As soon as the doctors put down their contract deposit, Erica flew down to join Ethan for a whirlwind tour of Florida houses. Once again, she left the kids with Lisa. She owed Lisa a debt she could scarcely repay; she figured she’d buy her the Louis Vuitton bag she’d been lusting after.
Grant Fishel had changed its ways since the ebullient and expansive spring, housing Ethan and Erica in an anonymous Doubletree Inn by I-90 with no fluffy bathrobes and no orange-scented soap. They wandered through subdivisions with an agent provided by Grant Fishel’s corporate relocations department, a woman named Rosalyn with streaked blond hair frozen into a flip and huge blue glass earrings shaped like dolphins. Rosalyn’s nasal Jersey accent was softened and slowed by twenty years in South Florida.

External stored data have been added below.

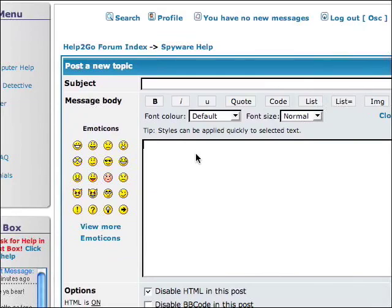Once you do, we'll have somebody analyze your log and give you exact instructions on what you need to do next to clean your computer.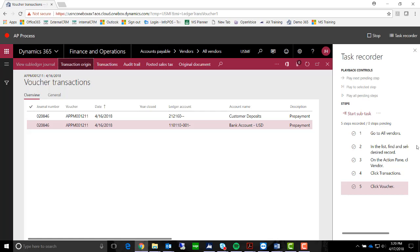You can use this as a guide for training, for ISO documentation, or for quick snippets of how-to tasks within your organization. Thanks for taking the time to view Task Recorder within Dynamics 365. I hope you enjoyed it.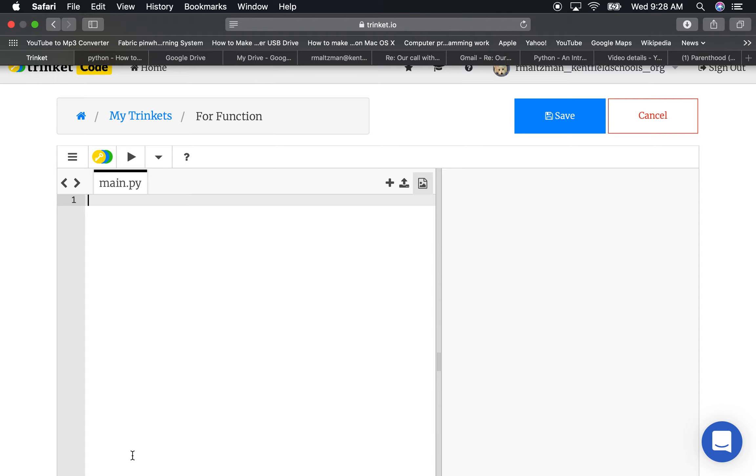Okay, the for function is a cool function that I like to use in Python, and it's very useful when you need to iterate through something. Let me just give you an example, and then I think you'll start to understand it. So let's say I have a phrase, or a word. Word equals marshmallow.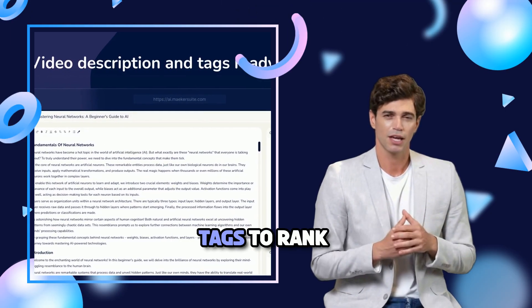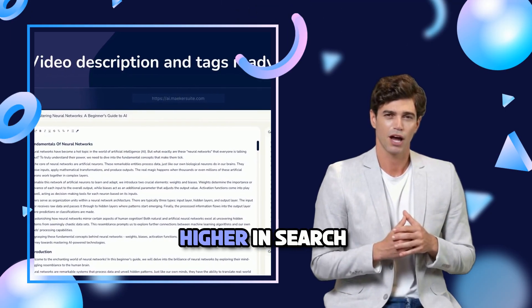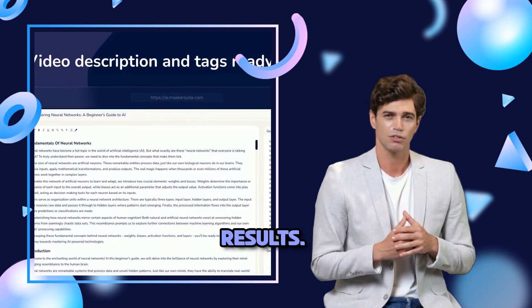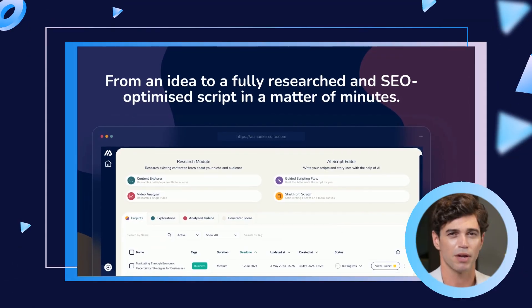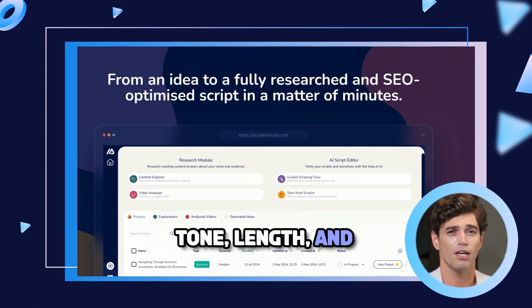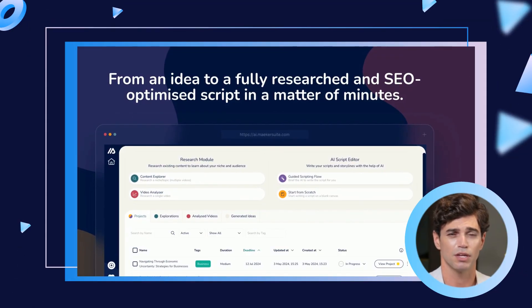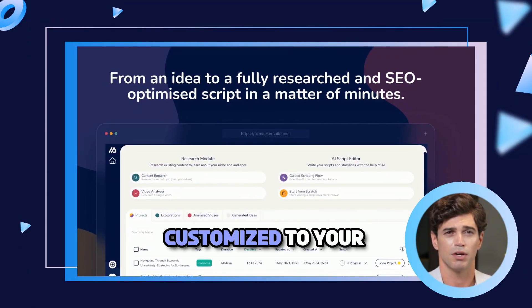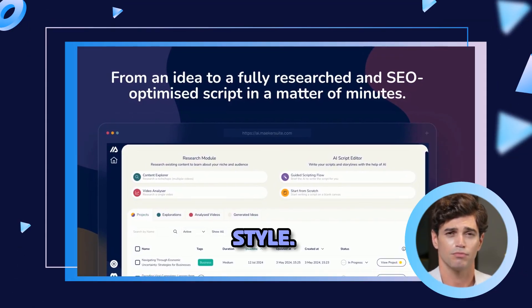Get SEO-friendly video titles, descriptions, and tags to rank higher in search results. Refine your script by adjusting the tone, length, and audience — completely customized to your style.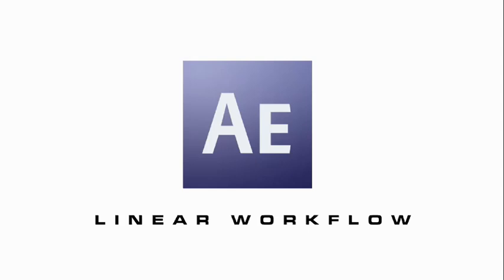Hi there, my name is Daniel Broadway and this is a tutorial for AETootsPlus.com. Today I'm going to present a lesson that will hopefully clear up some confusion about what is known as Linear Workflow, also known as Gamma Correction.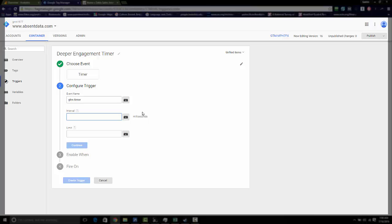But interval, because this is in milliseconds, remember you need to adjust your figure. So for 30 seconds, I need 30,000. Limit, you can choose one and then continue.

She gabbed constantly, like Erica’s mother used to, and Erica let the burble stream comfortingly through her ears. Yet as she ogled each tiled foyer, each Jenn-Air range or steam shower or ballroom-size closet, her disenchantment grew. These houses no longer exuded the luxurious magic of last spring, as if the twins were to return to Disney World and suddenly realize that Mickey Mouse was only an underpaid worker in a hot, smelly costume. Nor, she realized, was Florida far enough away from New York. Her great-aunts and great-uncles and assorted other elderly relatives lived there. Her parents would get over their huff soon enough and visit them; indeed, only a week after Thanksgiving, her mother had already invited them all over for latkes and menorah lighting. The Schrabner family vacationed every year in Fort Lauderdale. It was only a matter of time before she would she’d walk into her new supermarket and encounter someone who recognized her, who would call her Rikki. Her mind drifted back to the Smoky Mountains, beyond the reach of the highway, beyond the reach of the television and the telephone, where the one-lane roads dropped off steeply into darkness.
Ethan kept shaking his head, complaining that all the houses looked interchangeable, one stucco faux Mediterranean villa after another, with thick spiky grass in front and a kidney-shaped pool in the back. “Don’t you have something, I don’t know, more unique, more classy, than these suburban developments?” he asked. It was already early afternoon on Sunday, with Erica’s flight back to New York scheduled for Monday morning. Time was running out.
“I don’t know what else to show you, honey,” said Rosalyn, shaking her head so that the glass dolphins rattled against the folds of her neck. She’d definitely had work done, Erica concluded. All the skin above her neck was stretched taut, her lips flat and thin under their cracked ruby lipstick.
“How about a house closer to the beach?” Ethan suggested. “With a larger yard and mature palm trees instead of these little skinny things.” He waved dismissively at the scrawny specimens supported by wire, smelling of bark dust. Understandable disdain, Erica thought, considering he grew up among redwoods. “A view of the water would be nice.”
Rosalyn rolled her eyes, even as her smile stayed put. Erica knew what was in Ethan’s mind’s eye: one of those houses along Route 1, the ones hidden far behind their gated entrances, the long driveways shaded by palms. Maybe he believed all the risk he’d taken for the benefit of Grant Fishel had earned him one of those. He was still an MIT geek at heart. He still didn’t recognize his stumbling, half-innocent role in the scheme of things. Even Erica had figured out that those mansions belonged to the likes of Stephan Langston, or maybe Nick Stromboli’s suppliers, once they all got out of prison.
As the sun set, Erica and Ethan settled on a compromise, a bungalow on the Intercoastal with a couple of waving pineapple palms and a boat dock, in a neighborhood south of Boca. It cost twice as much as their home in West Meadow, but with multiple bonuses sitting in savings, Ethan figured they could pull it off. He especially liked the idea of a boat, and Erica supposed the boys would also. Unlike the ’30s-era homes down the block, this house was as brand-new as the ones in the subdivisions, constructed on the unwanted fringe of someone else’s fabulously large lot. Erica did not want an old house, however elegant. This bungalow was as untouched as the tract homes with their Jenn-Airs and Jacuzzis. It still smelled of paint, and in the warmth of the early evening, the smell of fresh asphalt rose up from the driveway. She didn’t want the worn stucco of the rambling mansion next door, streaked with moss. She didn’t want any of the history those walls might contain.
“I’m sure this will be a lovely place to raise your beautiful family,” Rosalyn said. They followed her back to the office to sign the papers.